Denis Diderot; (1713-1784), French encyclopedist, philosopher, and man of letters, who was one of the most dynamic leaders of the Enlightenment. During his lifetime he was best known as chief editor of the Encyclopedie (1751-1772). This great publishing enterprise, the largest attempted up to that time, was more than simply a comprehensive work of reference. It was also in tended, in Diderot’s own words, “to change the general way of thinking” and to bring about “a revolution in men’s minds.”

The 20th century, while continuing to recognize Diderot’s importance in the Enlightenment, especially esteems him as the author of a number of posthumously published works of extraordinary originality and daring. They have a vitality, an experimental quality, and a sense of life’s ambivalences and ambiguities that particularly engage the modern taste.

Denis Diderot

Denis Diderot (Source : wikipedia.org)

Early Life and Works.

Diderot was born at Langres, on Oct. 5, 1713. He studied at the Jesuit college there, probably attended the Jansenist College d’Harcourt in Paris, and received a master of arts degree from tiıe University of Paris. After 10 bohemian years, he married Anne Toinette Champion in 1743.

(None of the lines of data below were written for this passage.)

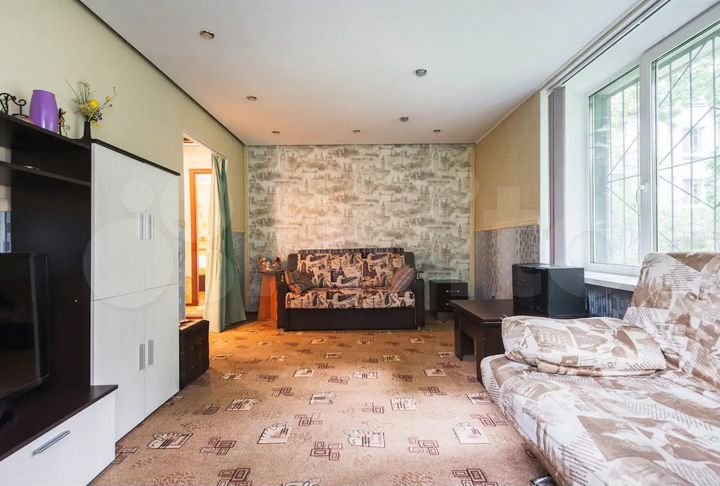 2-к. квартира, 43 м², 1/5 эт.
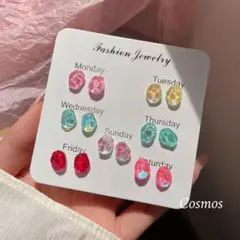 透明ピアス　小さな石デザイン　小粒ピアス　夏アクセ　プチプラ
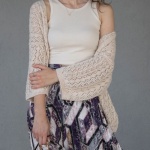 Il cardigan che fa la differenza: eleganza femminile da mattina a sera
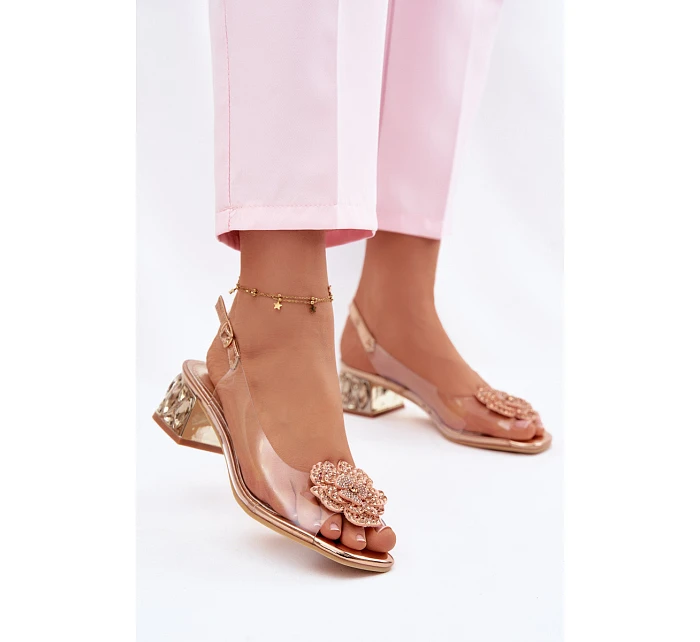 Průhledné sandály na klínku s krystaly a květinou model 22102726 - VINCEZA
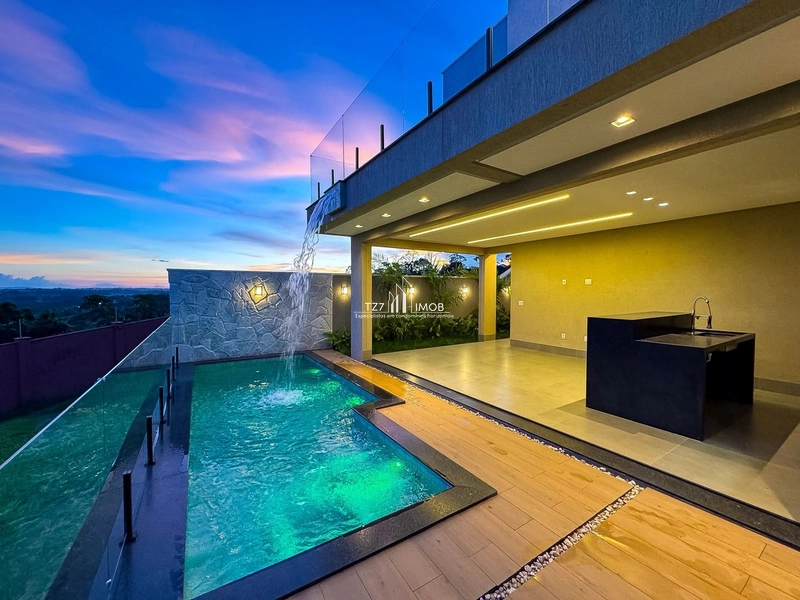 Casa Subtérrea Moderna com Vista Privilegiada para Área Verde.: 16ª foto da galeria de imagens do imóvel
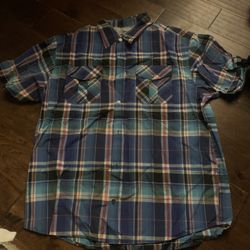 short sleeve button down Man’s Shirt 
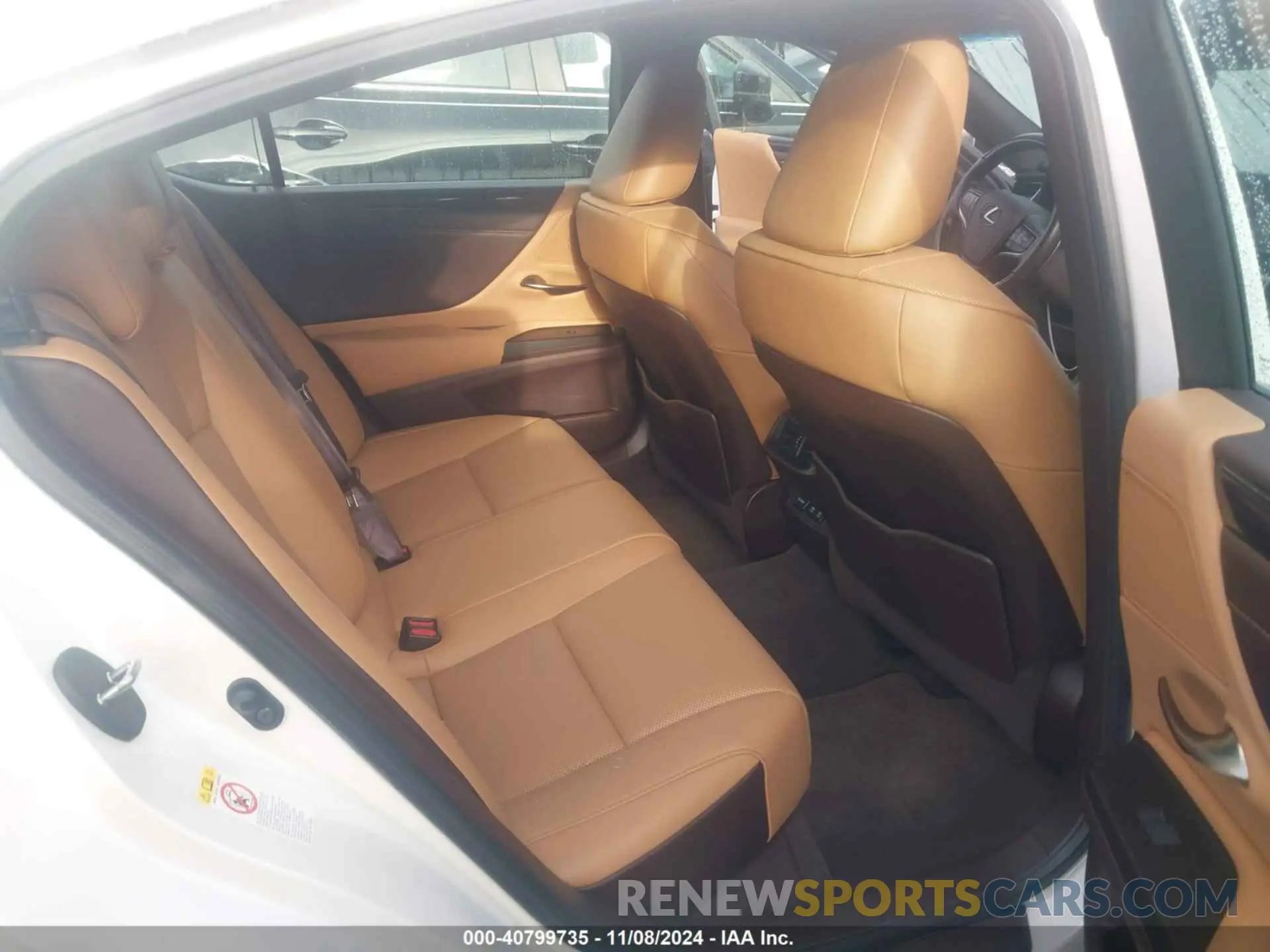 8 Photograph of a damaged car 58ABZ1B17KU044846 LEXUS ES 350 2019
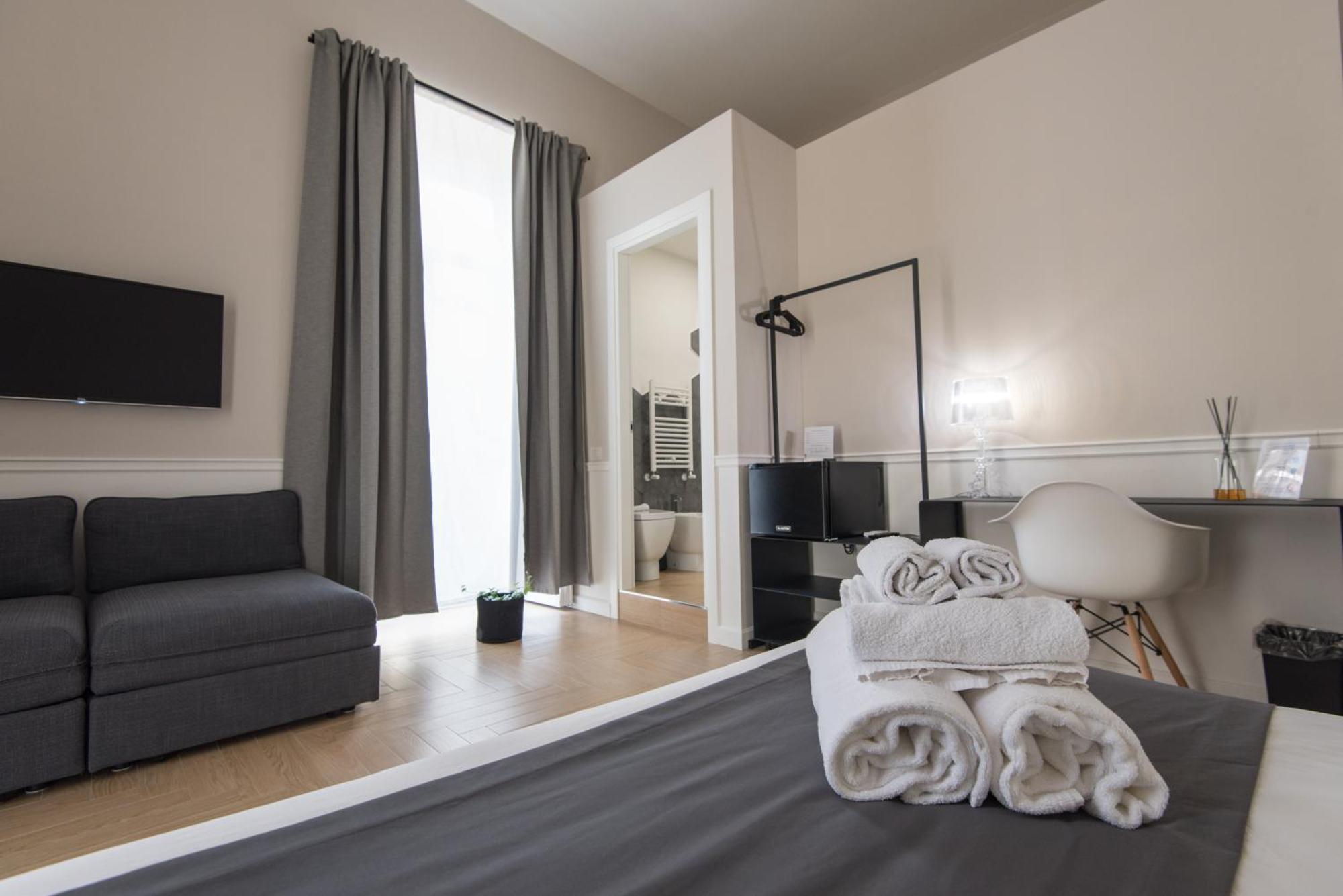 Five Boutique Naples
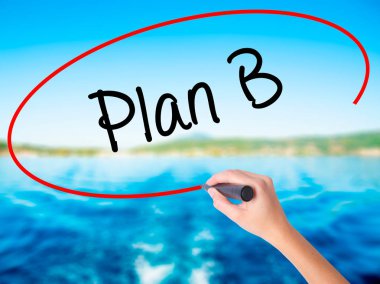 Kadın el yazma Plan B saydam kartı bir marker ile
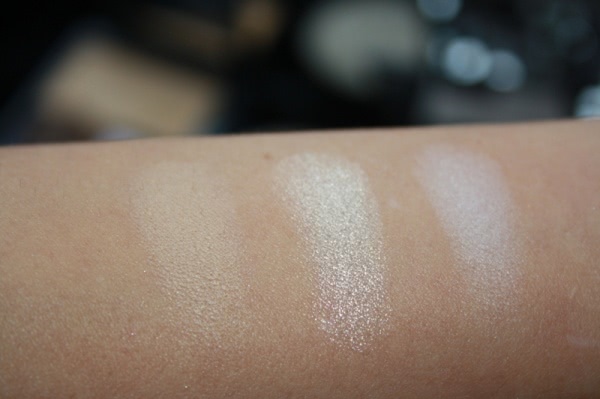 Chanel Camelia De Plumes Poudre Illuminatrice Highlighting Powder Chanel Plumes Precieuses for Holiday 2014-2015 Collection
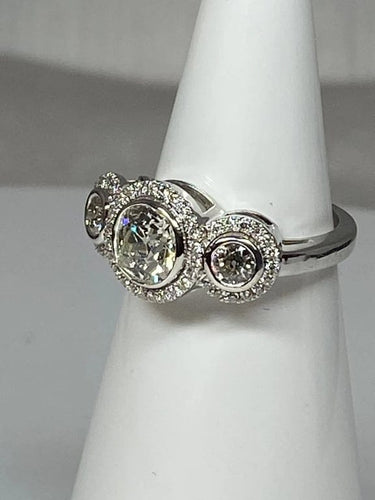 Bague 52 Bague trilogie - Bague de fiançailles en or 18 ct et diamants 58 Facettes AB48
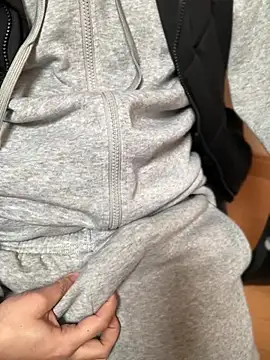 Snapshot of 114514hlove chatting on 02-02-25, 01:23 114514hlove online show from 02-02-25, 01:23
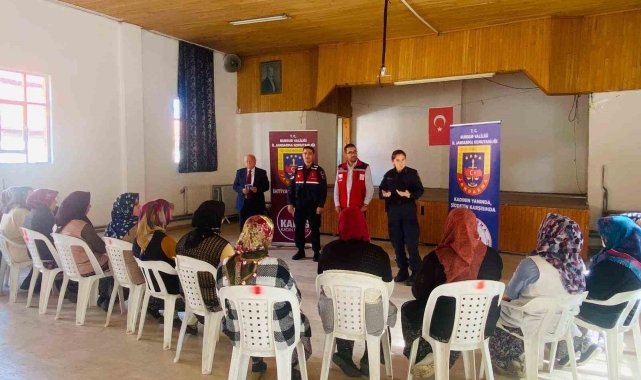 Burdur'da vatandaşlara aile içi şiddetle mücadele eğitimi verildi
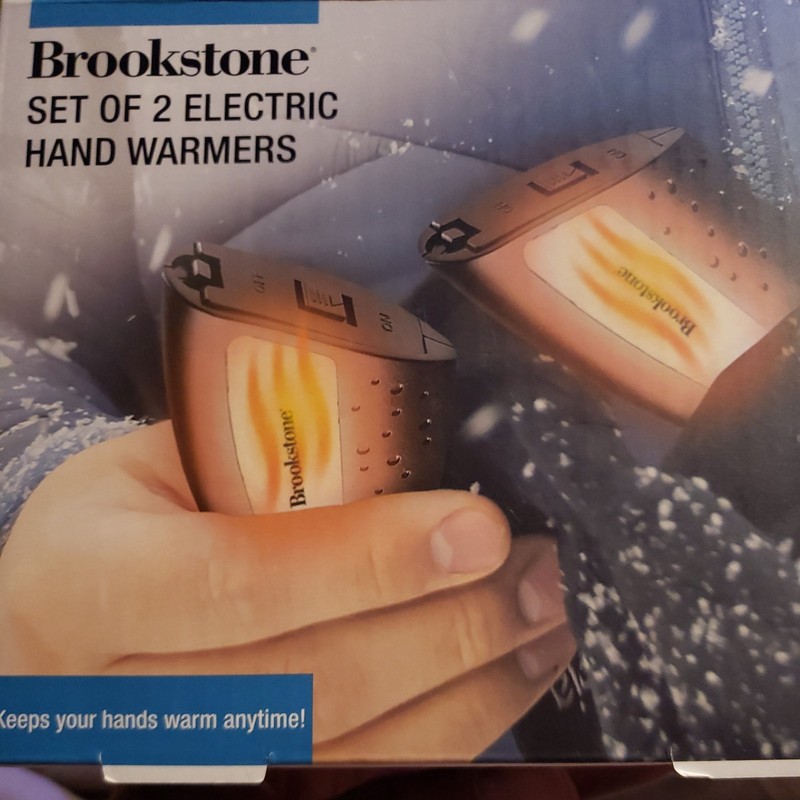 Brookstone Electric Hand Warmers NEW Set of 2 Battery Operated Quick Heating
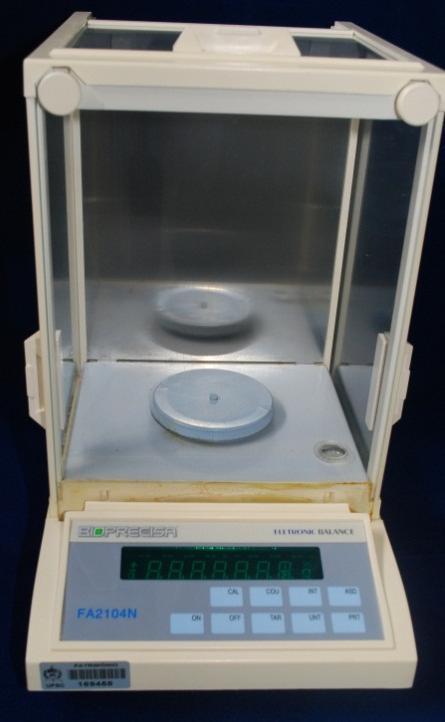 66 Análises de massa Os corpos de prova foram pesados em uma balança eletrônica Bioprecisa, modelo FA 2104N (Ativa Química Com. Prod. p/lab. Ltda.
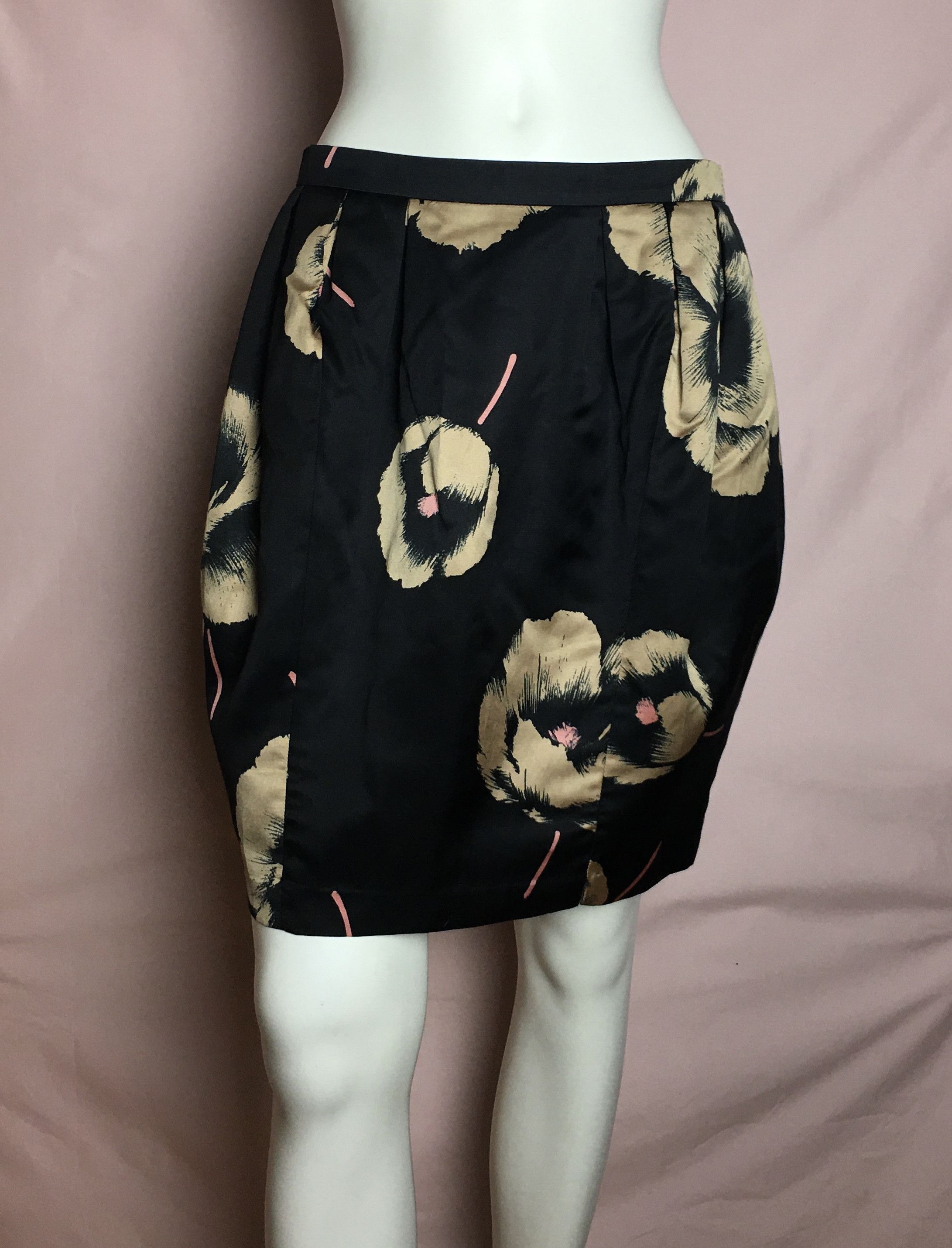 Moschino Moschino Silk Blend Skirt Vintage Flowers Print Size 30" / US 8 / IT 44 - 1 Thumbnail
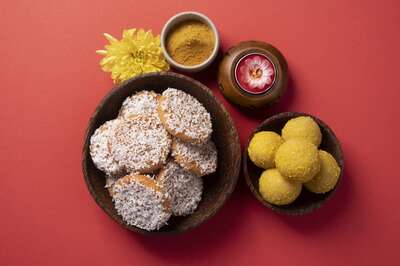 Best Places for Navratri Thali and IPL Screening in Delhi-NCR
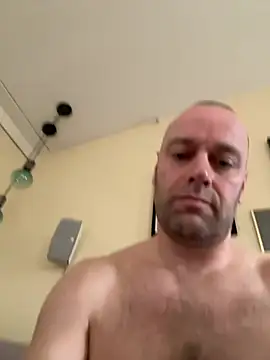 Snapshot of NiceJ81 chatting on 03/01/25, 11:39 NiceJ81 online show from 03/01/25, 11:39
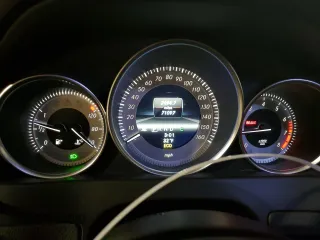 2013 Mercedes-Benz C-Class C 300 Sport with VIN WDDGF8AB5DR267251, listed as a Copart auction lot 45123005 with 71,097 mi miles and Salvage Title. Bid and sale history available at carsss.com. Image 9.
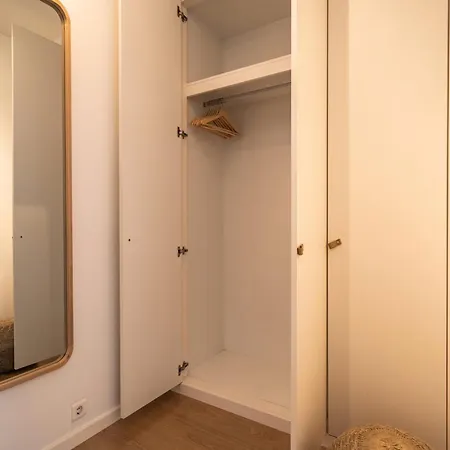 Akicity Entrecampos Elderberry Apartment *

The world of letters first knew Diderot as a translator of English works: Temple Stanyan’s Grecian History (1743), Lord Shaftesbury’s Inquiry Concerning Virtue and Merit (1745), and Robert James’ Medicinal Dictionary (6 vols., 1746-1748) . in. 1746, Diderot published anonymously his own Pensees philosophiques, an influential book of deistic aphorisms, which was condemned to be burned by the public executioner. In 1748 he brought out anonymously a slightly obscene “philosophical” novel, Les bijoux indiscrets and, under his own name, a slender volume on physics and mathematics, Memoires sur differents sujets de mathematiques. He was imprisoned for three months in the Château de Vincennes in 1749 for having written the Lettre sur les aveugles, a book on the behavior of the blind, which also opened up questions of philosophical materialism and of the existence of God.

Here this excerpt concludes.